Denn sie ist unter den insgesamt elf volkstümlichen Spiegel- und Hinterglasbildern, die Eingang in die finale Auswahl fanden, nicht nur eines der lediglich drei Bilder, denen eine ganze Buchseite gewidmet ist. Auch ihre Position innerhalb des Almanachs ist mehr als prominent: Platziert im Aufsatz „Das Verhältnis zum Text“ von Arnold Schönberg gegenüber einer auf einer halb mit Text gefüllten Seite mit der Abbildung einer Schnitzerei von den Marquesas-Inseln aus dem Ethnographischen Museum in München leitet das Rußbild jene Sequenz ein, die die „Blaue Reiter“-Spezialistin Annegret Hoberg als „spektakulärste aller ohnehin frappierenden Gegenüberstellungen“ von Kunstwerken in dem gesamten Almanach bezeichnet: das Nebeneinander von Robert Delaunays „Tour Eiffel“ und El Grecos „St. Johannes“.

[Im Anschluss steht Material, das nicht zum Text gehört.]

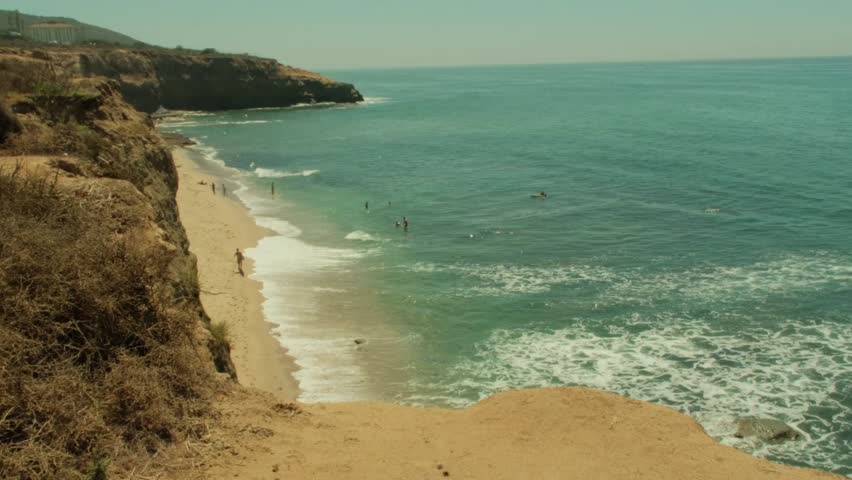 Sunset cliffs natural park beach in ocean beach san diego crowded during summer time, beach goers and people swimming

Kraftvoller optischer Dreiklang

Betrachtet man den Eindruck, den das Blättern durch die Folge aller drei ganzseitigen Abbildungen erzeugt, so entsteht ein überaus kraftvoller Dreiklang, der eine Essenz dessen bildet, was die Künstler mit der Bebilderung des Almanachs eindringlich darlegen wollten: „Die Auswahl der gezeigten Bilder folgt dem Leitgedanken, dass Formfragen für die eigentliche künstlerische Qualität eines Kunstwerks äußerlich sind“, schreibt Hoberg im Begleitband zur 2009 erschienenen Reedition der „Museumsauflage“ des Almanachs. „Dieser Pluralismus, die Variationsbreite der Form, etwa von naiv-gegenständlich wie bei Kinderzeichnungen oder populären Hinterglasbildern bis hin zu fast gänzlich abstrakt wie bei Kandinskys ,Komposition V‘ zeichnet auch die Offenheit der Redakteure (Marc und Kandinsky) gegenüber den akuellsten Produktionen ihrer Kollegen aus, die sie in den Almanach einbezogen.“

Teil einer Revolution

Zur Gesamtwirkung dieses Bildkanons resümiert Hoberg: „Kein gemeinsamer Formenkanon, sondern das geistige Prinzip, oder die ,mystisch-innerliche Konstruktion‘ bildet im Kunstwerk das verbindende Moment, das den Almanach mit seinem komplizierten Geflecht von Texten und Bildern vielstimmig durchziehen soll. Durch diesen offenen Stilbegriff, der – oft unter Berufung auf ,primitive‘ Kunst – nur ,das Echte‘ und ,innerlich Notwendige‘ gelten lassen will, werden sämtliche traditionelle Formgesetze auf noch radikalere, weil grundsätzlichere Weise als von den bisherigen Avantgarden über Bord geworfen.“ Das vorliegende, auf 800 Euro taxierte Hinterglasbild fungiert als wichtiger Teil dieser Schrift gewordenen künstlerischen Revolution.